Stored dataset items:
--

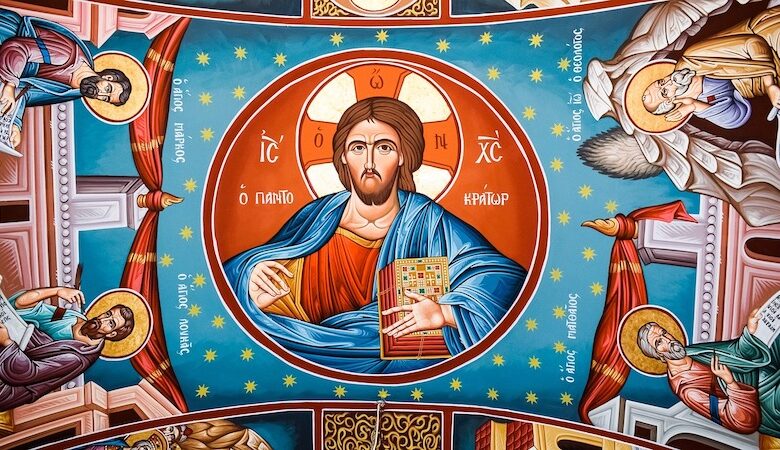 Jesucristo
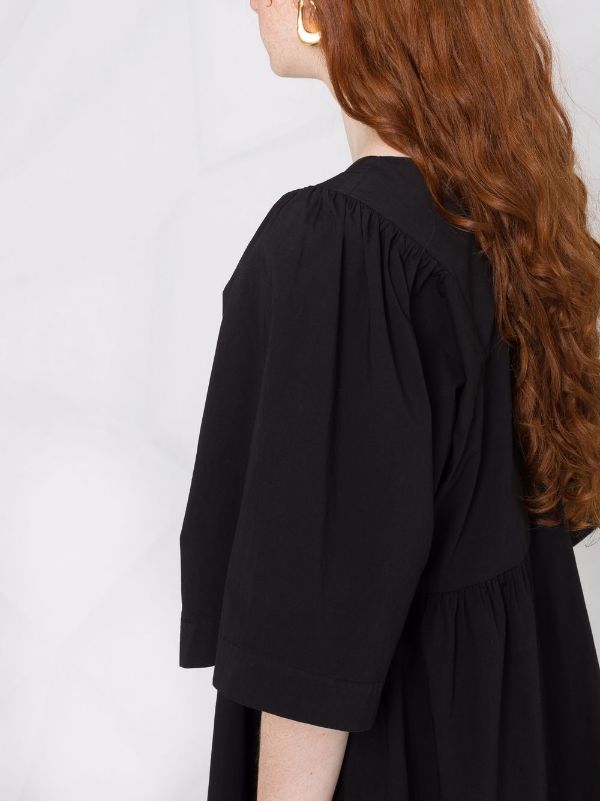 Henrik Vibskov Pump Dress - Black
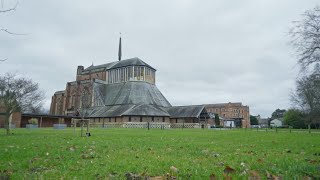 Douai Abbey  Route to the Roots  Episode 6  Trailer [upl. by Funda]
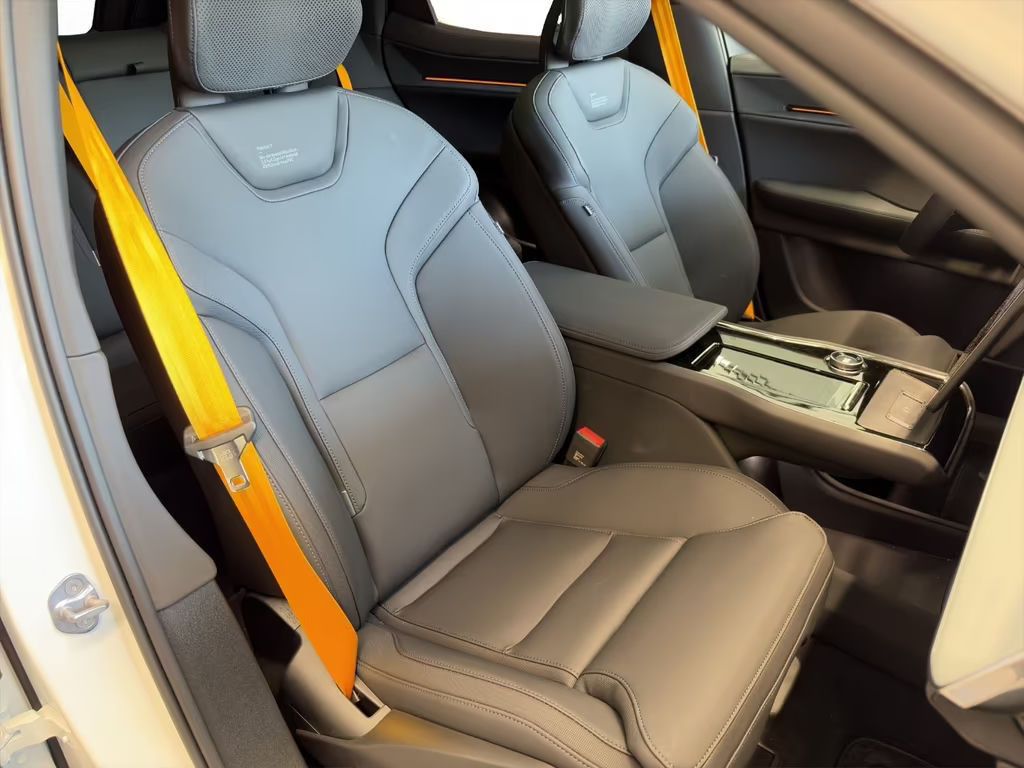 Polestar 3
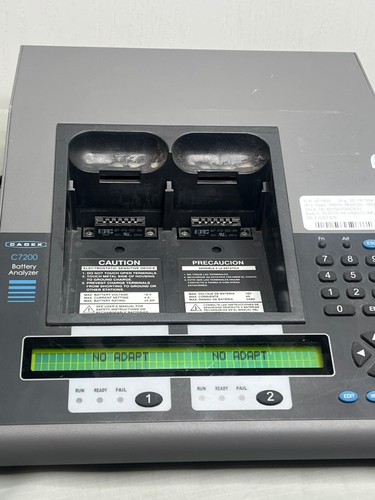 Cadex c7200 - cadex,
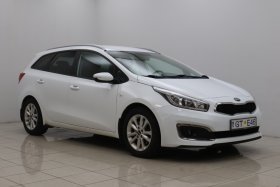 KIA Ceed SW LX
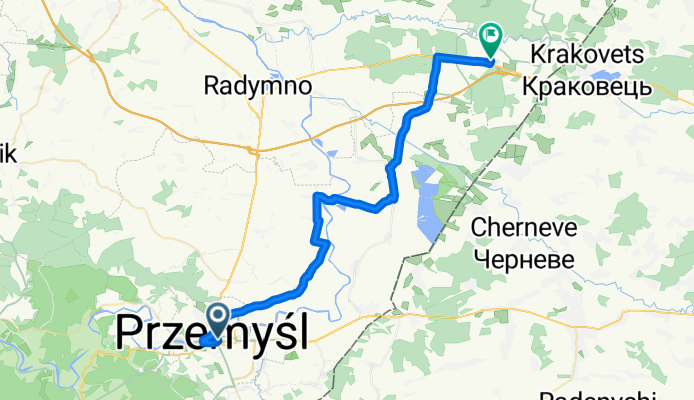 1_Przemyśl-Młyny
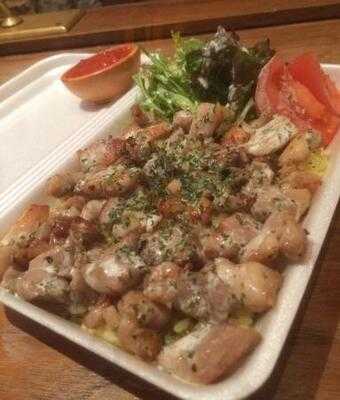 Door 渋谷,宇田川町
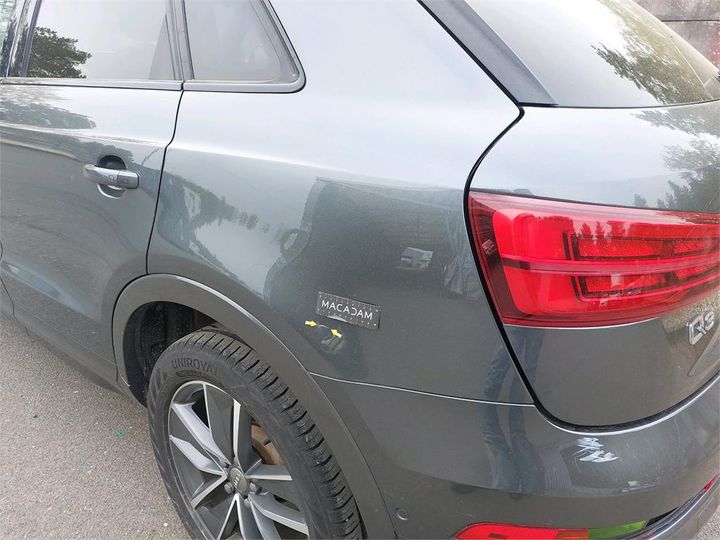 Photo 37 VIN: WAUZZZ8U3JR065525 - AUDI Q3 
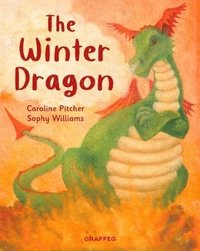 bokomslag The Winter Dragon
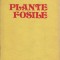 Plante fosile - Iustinian Petrescu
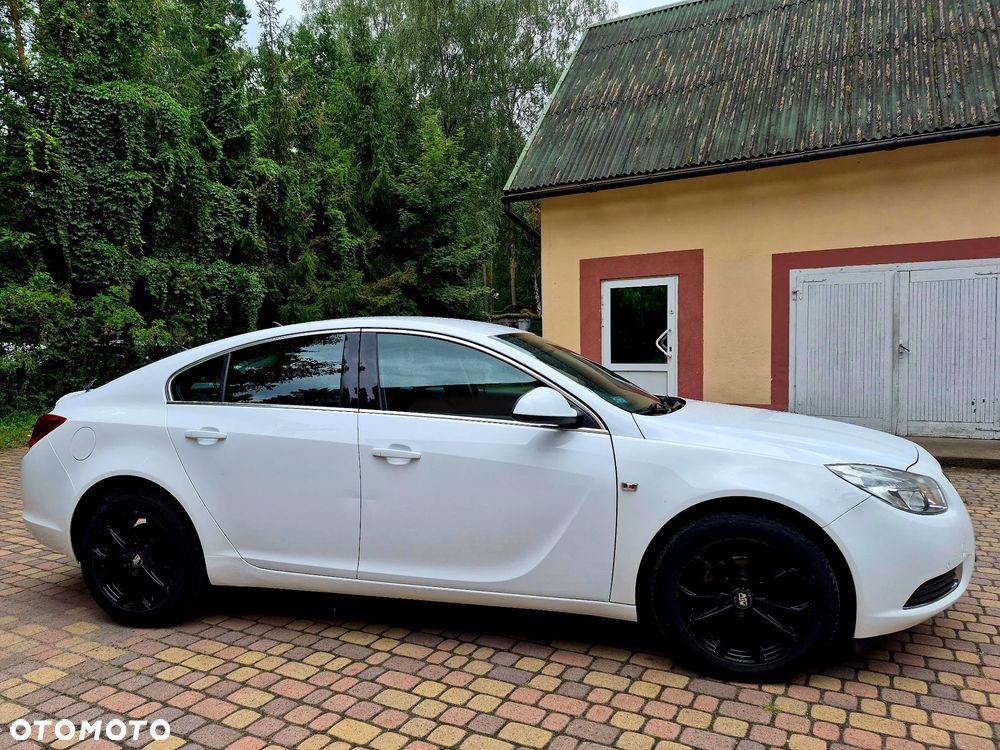 Opel Insignia 1.6 - 3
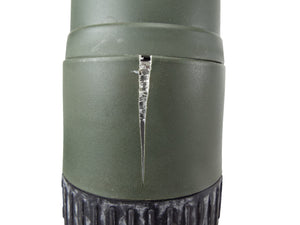 Dutch Army Thermos Flask - Plastic/Steel - DISTRESSED RANGE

--

* **Work instructions**: Restate the entries above word for word, minus the pictures.

* **Worked solution**:
 Jesucristo
 Henrik Vibskov Pump Dress - Black
 Douai Abbey  Route to the Roots  Episode 6  Trailer [upl. by Funda]
 Polestar 3
 Cadex c7200 - cadex,
 KIA Ceed SW LX
 1_Przemyśl-Młyny
 Door 渋谷,宇田川町
 Photo 37 VIN: WAUZZZ8U3JR065525 - AUDI Q3 
 bokomslag The Winter Dragon
 Plante fosile - Iustinian Petrescu
 Opel Insignia 1.6 - 3
 Dutch Army Thermos Flask - Plastic/Steel - DISTRESSED RANGE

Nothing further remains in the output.